For further reading, I STRONGLY recommend checking out this excellent post/vlog from Claire at Butterfly Collection: How Bra Seams Change Your Breast Shape. Her understanding of how bra seams work with different breast shapes is unparalleled, and her fit advice is so warm and friendly. Plus, she talks you through some of the same bras pictured in this post, so you can see them “in action”, if you will.

Are you a fan of seamed bras? Any particular seam patterns that really work for you? What are your favorites?

11 Comments on Why Do You Love Seamed Bras So Much?

  1. Lee Rivers
    July 13, 2015 at 12:16 pm (4 years ago)

    Over the years, seamed bras have won me over. My initial experience was that they came with too-deep cups that fought with my soft but not weightless tissue, resulting in shapes that didn’t feel like ‘me’. I’m thinking most Freya balconettes/plunges, Panache’s Tango, and some Fantasie balcony bras.
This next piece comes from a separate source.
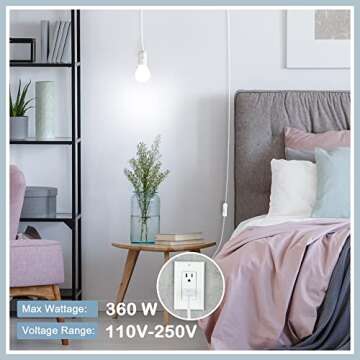 JACKYLED 15ft Extension Hanging Lantern Cord with Switch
Since then I’ve become a fan of the four-part cup: Elomi’s Caitlyn and Panache’s Dahlia have a treasured place in my drawer now. A larger variety of proportions in three-part cup sections also have made me less wary of seamed bras, because some of them do suit me.

    I’m also trying Fantasie’s Allegra and so far so good. One seam equals not the most support ever, but it is comfortable!

    Reply
  2. Cecile
    July 13, 2015 at 2:26 pm (4 years ago)
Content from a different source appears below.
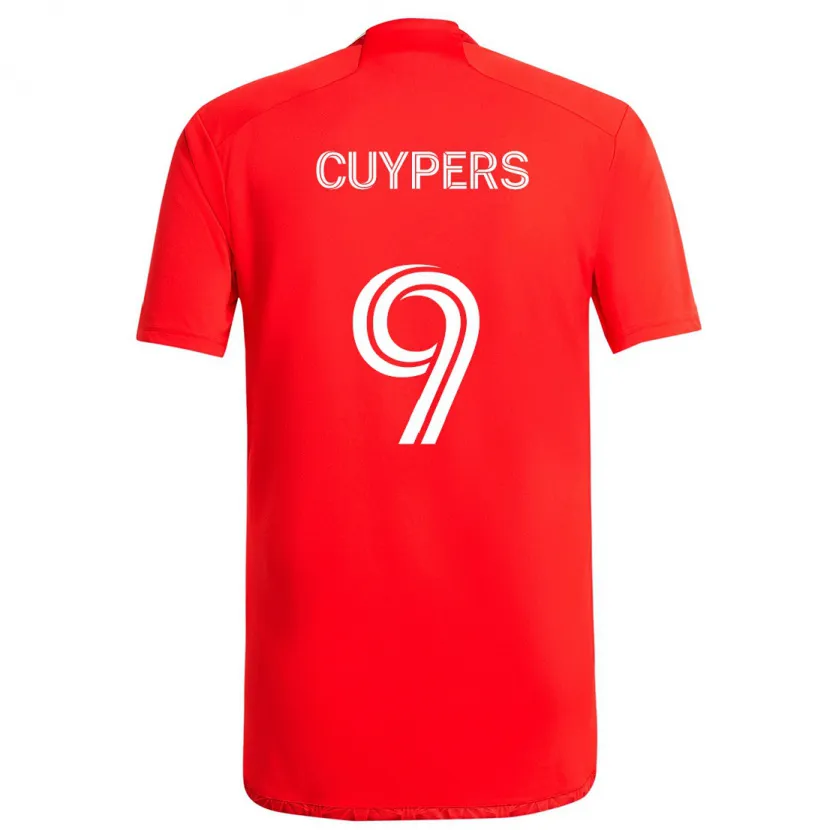 Danxen Heren Hugo Cuypers #9 Rood Wit Thuisshirt Thuistenue 2024/25 T-Shirt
    I love seamed bras. Unfortunately, they are very difficult to find in A cups, which are generally padded or at least moulded.

    Reply
  3. Argie
    July 13, 2015 at 2:28 pm (4 years ago)

    Seams, please! After years of cheap, unsupportive bras, I saw the light and ended up in Fantasie 4-part cups. Never gonna give THEM up!

    Reply
  4. Diana Boon
    July 14, 2015 at 4:58 pm (4 years ago)

    I love seamed bra’s, I do make them all myself. 😀

    Reply
  5. Michele F
    July 14, 2015 at 6:29 pm (4 years ago)

    Excellent post on explaining where the seams direct breast tissue! Now I understand why some bras make my breasts look “weird” and some do not.

    Reply
  6. Erica of A Sophisticated Pair
    July 14, 2015 at 8:56 pm (4 years ago)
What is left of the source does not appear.